Taken from their github page:

It implements voice recognition and Text To Speech (TTS) via Google API’s at the moment, but that may change soon.

I REALLY like the approach of having the whole thing on the device itself without any need of a network connection or own server but again… alpha :wink:
https://github.com/Tadashi-Hikari/Sapphire-Assistant-Framework

So there is no development on Elivia since 9 months which leads me to the conclusion there will be nothing (usable) anytime soon… even not in months. I hope I am wrong but that is the frustrating result after my research.

apropos alpha: alphacepheis Offline speech recognition on Android with VOSK is being used in Dicio - it can do some languages and basic tasks. Haven’t found both mentioned in this forum.

It’s fun to play around with and sees small releases. It is still a toy, but surprisingly good for an on-device solution. Language models to be downloaded can be large. It’s available via F-Droid and thus the /e/ Apps, or get it at the github release section

2 Likes

Dicio seems to have some potential, I tried it out myself today. As you said pretty limited still, but it does a decent job at what skills it does have, especially for a relatively new project.

Vosc is also impressive, I would argue a privacy conscious STT engine is more important than an assistant at this stage of /e/. I see the lack of stt for texting on the go, as a big stumbling block for adoption of /e/ by the masses.

I hope both of these teams have better luck than their predecessors…

3 Likes

After some searching I found this project on Github. Felicis has forked VOSK and packaged it as an input method for android, basically it’s a voice keyboard. It’s labeled pre-release and Felicis calls it a proof-of-concept but it is working, at least in English. German is also available but I can’t comment on that.

Unfortunately, this one and only release is from 10 months ago. However on another fork Felicis did mention they have been too busy to get back to this but welcome anyone to jump in.

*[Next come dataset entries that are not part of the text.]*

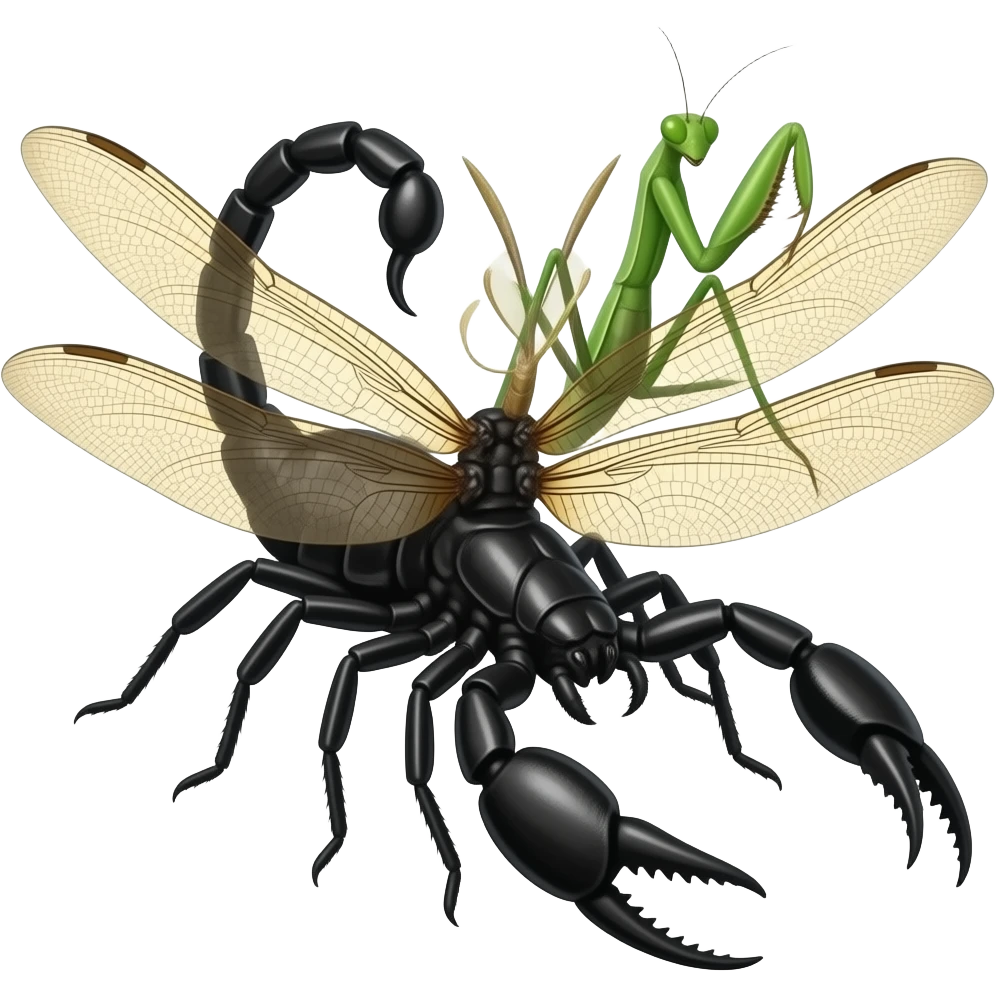a black widow spider body with dragonfly wings, a scorpion tail and pinchers, and a praying mantis head, insectoid fusion, realistic, emoji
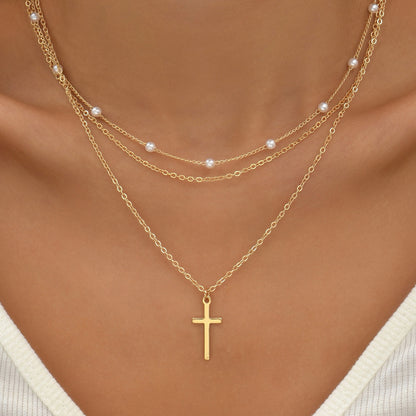 Triple Layer Pearl Cross Necklace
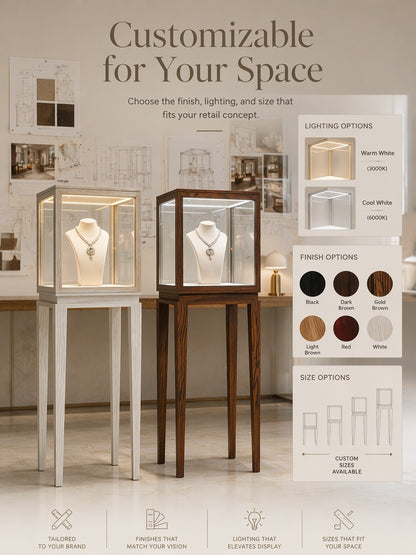 Luxury Wood Glass Display Cabinet, 360° LED Lighted Pedestal Showcase for Boutiques
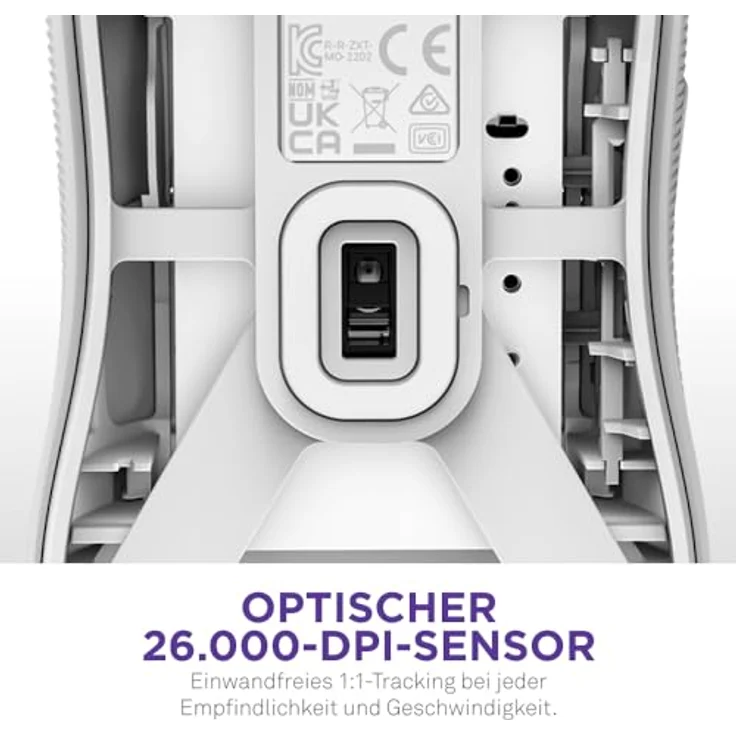 NZXT Lift 2 Symm | Leichte symmetrische kabelgebundene Gaming-Maus | Leichte 58-g-Konstruktion | 8K-Abfragerate | Optische Switches | Optischer 26K-DPI-Sensor | Füße aus 100% PTFE | Weiß – Bild 5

I wish that I had the skills! It looks like the ultimate goal is to wrap it into a ‘recognition service’ that will make Konele work offline.merge with konele: change to RecognitionService · Issue #1 · Felicis/vosk-android-demo · GitHub

2 Likes

Biggest problem with mycroft is that it really depends on Mycroft servers. If you read their statement on their own pages. Mycroft probably won’t be usable without access sending you (audio)data to their (closed) servers.

An alternative:
@Blort@social.tchncs.de :link: Blort™ (Unofficial) 🚫: "Looking for a #FOSS #VoiceAssistant with a much b…" - Mastodon

Looking for a #FOSS #VoiceAssistant with a much better #Privacy policy than #Mycroft (which just ate #Rhasspy)? #Genie is looking amazing, and uses unique algo’s to understand requests that #Amazon #Alexa and #GoogleAssistant can’t!

1 Like